Gourd’s research also extends into testing biopesticides used to control nematodes on onions and carrots, and studies of mycorrhizae colonization on onions, presenting his findings to the National Association of Agriculture County Agents and at the National Allium Research Conference. With support from the Brighton Bee Club and Jennifer Tucker, Small Acreage Coordinator for Adams County, Gourd additionally helped construct a comparative beehive demonstration. Three different beehive designs were evaluated last year to discover which layout best promoted bee health and survival through the winter season. They plan to continue the study this year. Overall, Thaddeus Gourd’s background enables Adams County Extension to support different scales agriculture in the region, one field at a time. For more information on the Northern Colorado Onion Variety Trials and other Adams County Extension programs, please visithttp://adams.colostate.edu/.
Regional Spotlight: Archuleta County
Life consists of many pieces of a puzzle that we connect along the way. In the summer of 2017, Robin Young transitioned from Custer County Extension to Archuleta County Extension, bringing with her years of forest health experience, non-profit creation skills, and a love for connecting people with solutions. Her six years as County Director in Custer County supported projects like the Westcliffe Farmers Market, Sustainable Ways, Inc., potato cultivars for backyard growers, noxious weed management, and a native plant program. Extension identified where farms were, what farmers were growing, how that food entered the local food system, where gaps were in the food system, and how the community could better support CSAs.
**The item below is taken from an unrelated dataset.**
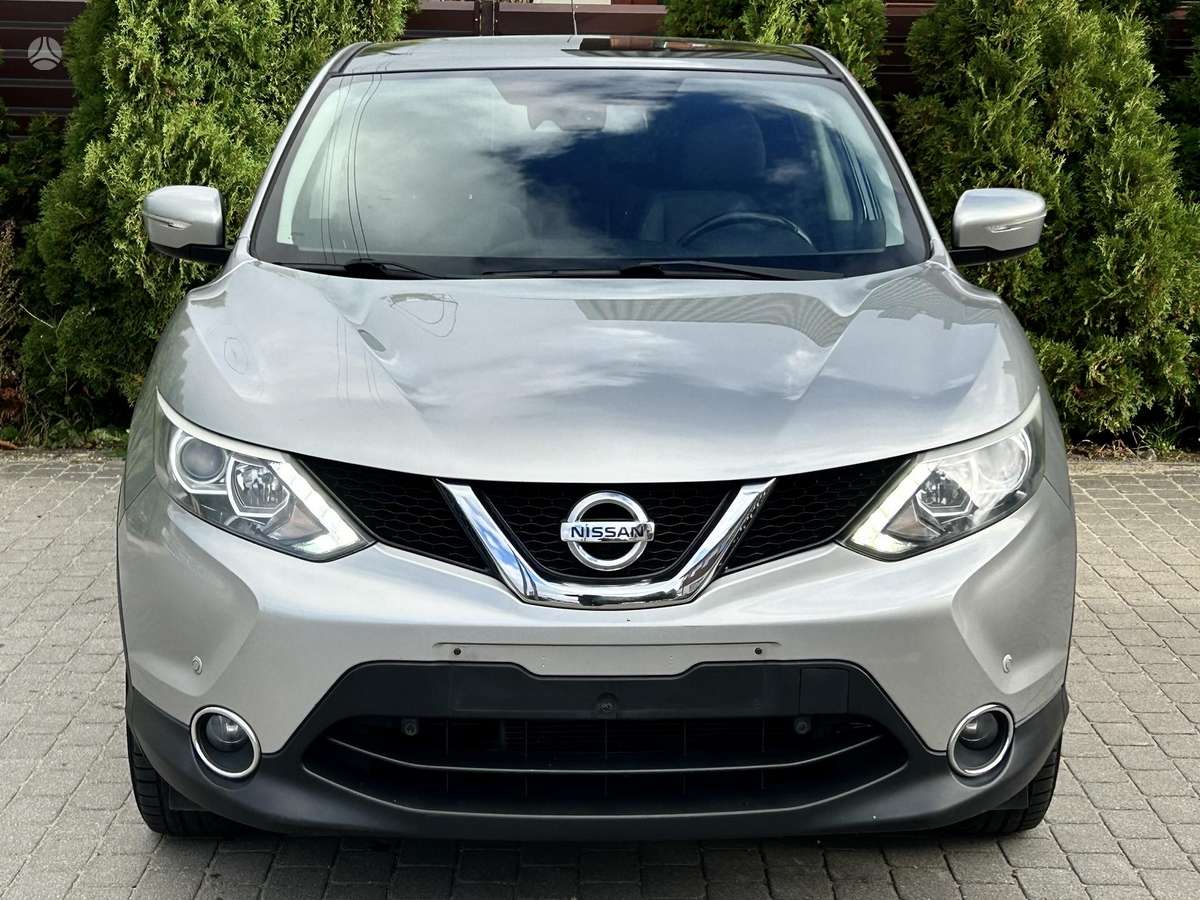 Nissan Qashqai 2014 — салон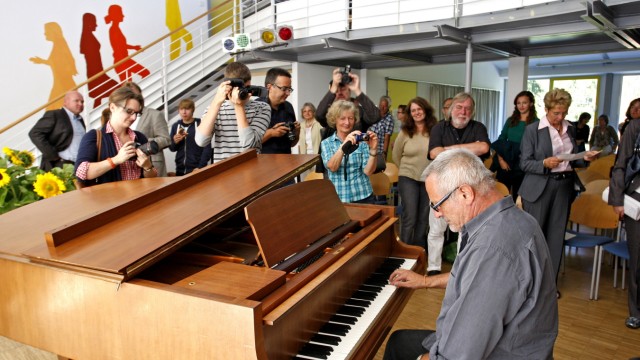 Kulturherbst in Geretsried: Wenn der Kulturherbst nicht mehr weit ist: Konstantin Wecker beim Pressetermin in der Geretsrieder Musikschule.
Robin also enjoys working with area youth. The 4-H program and other events teach students about the entire food system from farm to table, business models, and how everything relates back to agriculture and natural resources. In both Custer and Archuleta counties, Robin Young and Extension are fitting the pieces together for residents to understand the bigger picture of their food system. Visit http://archuleta.extension.colostate.edu/ for more information about country programs and projects in the community.Robin has continued similar efforts in Archuleta County, where a “high energy around food” exists as well. At a recent meeting, twelve stakeholders including a local grower, a registered dietician, a perma-culturist, and representatives from Pagosa Springs High School, Rocky Mountain Audubon Society, Growing Spaces, San Juan Basin Public Health, Archuleta County Department of Transportation, Pagosa Springs Elementary CATCH Program, Pagosa Springs Open School, and Archuleta County Extension discussed the need for adult and youth education about growing food. The group used data from the USDA’s Census of Agriculture and other observations to determine a high level of interest, but lack of knowledge and skills to grow more food in the community. Geodomes, heated by hot springs prevalent in the area, were identified as a potential resource with which to grow food year-round.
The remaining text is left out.